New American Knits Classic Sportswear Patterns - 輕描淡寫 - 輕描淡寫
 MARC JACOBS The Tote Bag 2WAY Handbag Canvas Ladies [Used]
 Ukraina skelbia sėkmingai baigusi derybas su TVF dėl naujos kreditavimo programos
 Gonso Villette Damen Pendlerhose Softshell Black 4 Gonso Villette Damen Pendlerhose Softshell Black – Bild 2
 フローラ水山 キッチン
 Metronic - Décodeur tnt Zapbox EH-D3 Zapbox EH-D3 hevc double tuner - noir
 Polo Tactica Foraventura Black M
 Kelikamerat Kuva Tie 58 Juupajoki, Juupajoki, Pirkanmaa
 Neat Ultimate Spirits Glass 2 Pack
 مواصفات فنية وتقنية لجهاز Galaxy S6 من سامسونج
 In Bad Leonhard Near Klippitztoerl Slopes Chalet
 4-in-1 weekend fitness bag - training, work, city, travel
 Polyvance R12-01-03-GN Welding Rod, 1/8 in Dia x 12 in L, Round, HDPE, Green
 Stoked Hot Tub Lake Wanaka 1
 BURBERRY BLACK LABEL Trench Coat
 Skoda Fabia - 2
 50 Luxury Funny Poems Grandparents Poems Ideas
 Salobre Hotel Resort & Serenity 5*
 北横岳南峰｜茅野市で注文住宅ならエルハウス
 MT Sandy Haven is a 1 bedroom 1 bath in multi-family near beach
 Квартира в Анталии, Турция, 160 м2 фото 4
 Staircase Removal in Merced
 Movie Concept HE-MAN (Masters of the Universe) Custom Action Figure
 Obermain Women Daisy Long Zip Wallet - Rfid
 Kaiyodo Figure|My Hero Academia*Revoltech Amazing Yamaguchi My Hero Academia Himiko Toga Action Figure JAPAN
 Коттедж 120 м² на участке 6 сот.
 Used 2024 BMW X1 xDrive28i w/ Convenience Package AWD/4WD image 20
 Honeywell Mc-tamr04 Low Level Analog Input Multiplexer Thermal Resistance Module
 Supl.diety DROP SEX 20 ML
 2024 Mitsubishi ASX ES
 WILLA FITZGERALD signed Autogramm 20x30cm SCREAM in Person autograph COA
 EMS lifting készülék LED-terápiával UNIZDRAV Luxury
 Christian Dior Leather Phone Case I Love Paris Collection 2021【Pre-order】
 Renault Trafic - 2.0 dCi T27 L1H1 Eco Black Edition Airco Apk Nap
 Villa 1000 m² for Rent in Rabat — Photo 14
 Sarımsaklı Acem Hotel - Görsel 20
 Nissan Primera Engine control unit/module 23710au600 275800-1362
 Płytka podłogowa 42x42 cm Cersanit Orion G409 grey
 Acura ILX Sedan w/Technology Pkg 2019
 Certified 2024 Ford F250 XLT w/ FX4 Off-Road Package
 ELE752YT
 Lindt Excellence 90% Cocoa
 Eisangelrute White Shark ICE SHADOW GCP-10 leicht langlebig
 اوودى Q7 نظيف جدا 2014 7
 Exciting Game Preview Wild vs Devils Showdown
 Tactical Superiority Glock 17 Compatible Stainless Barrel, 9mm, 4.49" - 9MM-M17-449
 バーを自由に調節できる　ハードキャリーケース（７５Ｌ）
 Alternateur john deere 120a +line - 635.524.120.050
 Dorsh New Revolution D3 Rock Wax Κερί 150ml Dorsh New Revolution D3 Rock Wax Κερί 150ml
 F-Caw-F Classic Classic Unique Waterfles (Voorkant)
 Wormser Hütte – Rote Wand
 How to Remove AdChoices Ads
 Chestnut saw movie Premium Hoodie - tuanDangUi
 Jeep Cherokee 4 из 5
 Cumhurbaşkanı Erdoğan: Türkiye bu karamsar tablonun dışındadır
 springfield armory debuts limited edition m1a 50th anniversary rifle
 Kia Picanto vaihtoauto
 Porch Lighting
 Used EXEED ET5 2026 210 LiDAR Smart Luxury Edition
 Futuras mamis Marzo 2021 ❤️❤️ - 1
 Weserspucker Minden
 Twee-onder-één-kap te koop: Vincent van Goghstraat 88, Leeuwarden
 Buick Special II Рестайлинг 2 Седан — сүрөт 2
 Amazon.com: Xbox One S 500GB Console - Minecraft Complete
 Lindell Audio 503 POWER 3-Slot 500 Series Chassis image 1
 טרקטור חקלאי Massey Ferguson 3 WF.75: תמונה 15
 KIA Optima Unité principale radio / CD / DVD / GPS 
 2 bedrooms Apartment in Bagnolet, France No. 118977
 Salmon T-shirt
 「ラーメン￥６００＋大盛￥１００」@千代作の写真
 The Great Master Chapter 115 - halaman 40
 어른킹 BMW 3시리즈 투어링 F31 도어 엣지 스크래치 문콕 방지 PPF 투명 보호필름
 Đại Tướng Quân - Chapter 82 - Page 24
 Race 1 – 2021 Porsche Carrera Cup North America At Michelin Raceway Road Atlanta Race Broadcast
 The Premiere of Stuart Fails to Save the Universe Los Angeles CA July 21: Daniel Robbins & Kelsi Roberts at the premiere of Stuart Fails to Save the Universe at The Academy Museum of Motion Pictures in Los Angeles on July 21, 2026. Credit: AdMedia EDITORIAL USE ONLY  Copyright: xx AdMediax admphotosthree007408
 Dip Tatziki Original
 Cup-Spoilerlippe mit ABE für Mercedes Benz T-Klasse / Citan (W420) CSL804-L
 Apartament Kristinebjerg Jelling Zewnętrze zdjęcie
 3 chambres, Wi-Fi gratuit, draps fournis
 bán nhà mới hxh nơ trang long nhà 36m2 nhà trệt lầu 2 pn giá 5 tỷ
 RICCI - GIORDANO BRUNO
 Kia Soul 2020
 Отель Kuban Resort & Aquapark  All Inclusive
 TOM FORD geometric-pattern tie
--- --- ---
EXERCISE PROMPT: Within the material above, copy exactly the lines from the line that holds "フローラ水山 キッチン" up to and including the line that holds "4-in-1 weekend fitness".

OUTPUT OF THE TASK:
 フローラ水山 キッチン
 Metronic - Décodeur tnt Zapbox EH-D3 Zapbox EH-D3 hevc double tuner - noir
 Polo Tactica Foraventura Black M
 Kelikamerat Kuva Tie 58 Juupajoki, Juupajoki, Pirkanmaa
 Neat Ultimate Spirits Glass 2 Pack
 مواصفات فنية وتقنية لجهاز Galaxy S6 من سامسونج
 In Bad Leonhard Near Klippitztoerl Slopes Chalet
 4-in-1 weekend fitness bag - training, work, city, travel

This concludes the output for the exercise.